Set the whole listing down again, word for word, with no pictures.

* DATA BELOW *
----
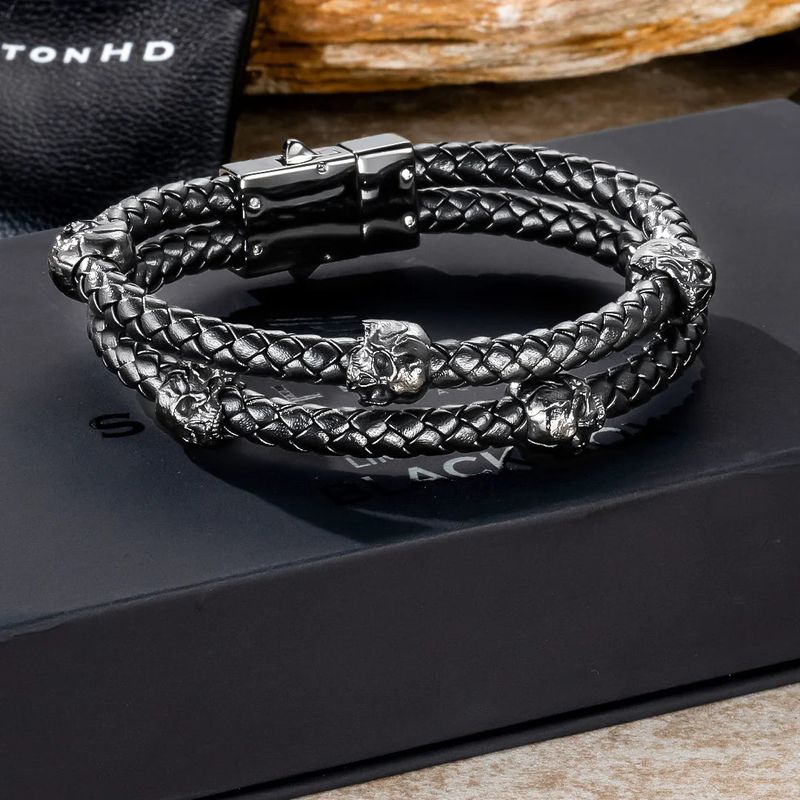 Bracelet Double tête de mort en cuir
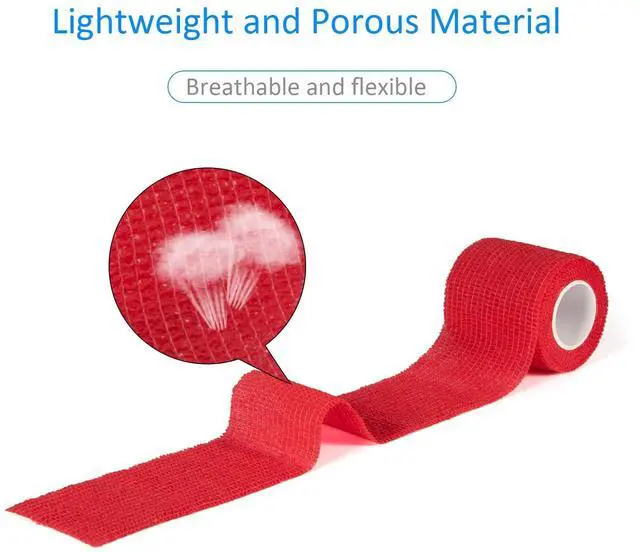 Alt view image 5 of 7 - 12Pcs 2x 5 Yards Self Adhesive Bandage Wrap Elastic Bandage Wrap Self Adherent Cohesive Wrap Bandages for Wrist Ankle Vet Tape for Dogs Athletic Swelling Sprains Tape Grip Cover (Red)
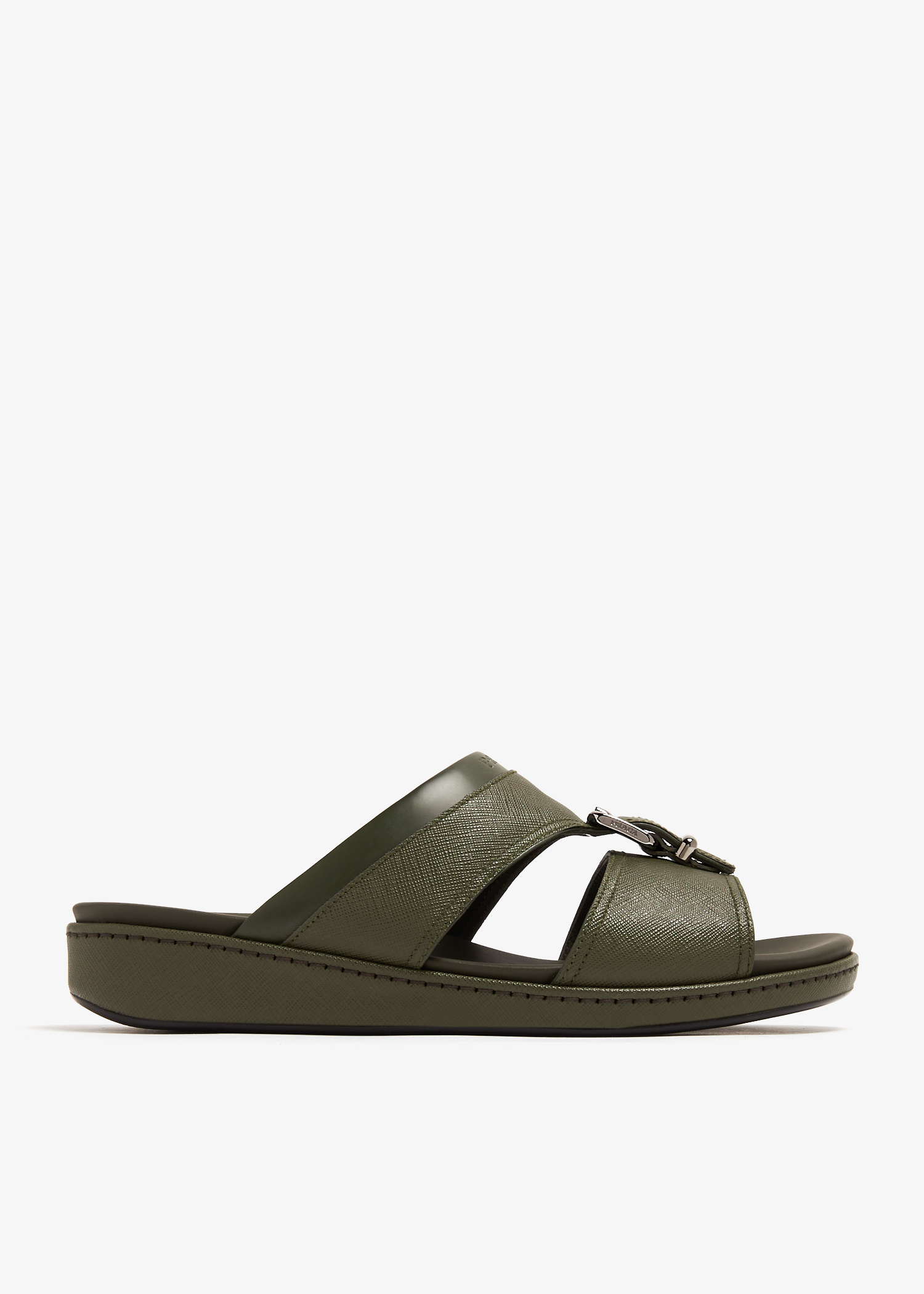 【韓国ブランド】MONOHA：25SS Leather combo slide Black Padded Nappa Leather Slides | PRADA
----
* SOLUTION FOR THIS PROBLEM *
 Bracelet Double tête de mort en cuir
 Alt view image 5 of 7 - 12Pcs 2x 5 Yards Self Adhesive Bandage Wrap Elastic Bandage Wrap Self Adherent Cohesive Wrap Bandages for Wrist Ankle Vet Tape for Dogs Athletic Swelling Sprains Tape Grip Cover (Red)
 【韓国ブランド】MONOHA：25SS Leather combo slide Black Padded Nappa Leather Slides | PRADA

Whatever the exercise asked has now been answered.